Rav Soloveitchik would likely have concurred with this tale from his grandfather: 
When the disciples of the greatest Talmudist of the late nineteenth century, Reb Hayyim of Brisk (1853-1918), asked him to define the task of a rabbi, he replied: `To redress the grievances of those who are aban­doned and alone, to protect the dignity of the poor, and to save the oppressed from the hands of his oppressor.’
 
Constantly in debt, he gave most of his salary to the poor. In the winter he would leave his wood store unlocked so that the poor of the town could take the fuel they needed, without the embarrassment of having to ask. When the lay-leaders of the town complained that this was costing them money, he replied that he was saving them medical expenses, since otherwise he would be forced to sit in the cold and catch pneumonia. It was impossible, he said, for him to light a fire in his own home if he knew that, in other homes, the poor were freezing. 

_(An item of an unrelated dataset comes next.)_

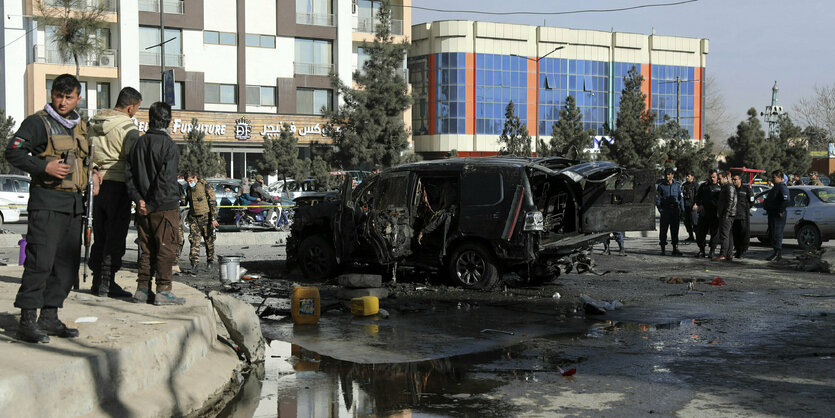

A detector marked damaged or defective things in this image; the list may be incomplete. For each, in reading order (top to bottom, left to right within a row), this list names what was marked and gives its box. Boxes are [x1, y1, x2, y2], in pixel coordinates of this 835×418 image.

burned vehicle [288, 158, 660, 290]
destroyed van [290, 155, 660, 290]
charred car body [290, 155, 660, 290]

Yet for Rav Soloveitchik human responsibility goes far beyond solidarity with suffering and it becomes essential for the Divine plan of redemption. A human individual is the messiah who will be a partner with God in the Divine mission to bring liberation: 
History, Judaism says, cannot move or progress without the individual. God waits for man if there is something to be done. He does nothing until man initiates action. God waits for man, for a single person, to accept responsibility and initiate the process of redemption. It is strange. On the one hand, God is the Goel Yisrael, our redeemer and liberator; however, God wills man to become His shaliah [his messenger or representative or missionary] in the drama of redemption, the personalistic shaliah [missionary] with whom God will walk.
 
God will not desert him, but God alone does not want to take the initiative. The Jewish people have been waiting a long time for the Messiah – a human being like us who will initiate the process of redemption.
God wants an individual great in knowledge, in morality, in prophecy, to be a participant in the drama of redemption (ge’ulah). God wills man to emerge as a great being through his acceptance of the shelihut, – mission. Not the collective, but the individual, seizes the initiative. God was ready, the people
were ready, the time had passed, redemption ge’ulah was possible, and God could have taken them out in a split second [from Egyptian bondage]. But God had to wait for someone. Immediately, Moses is mentioned: "Now Moses kept the flock of Jethro" (Exodus 3:1).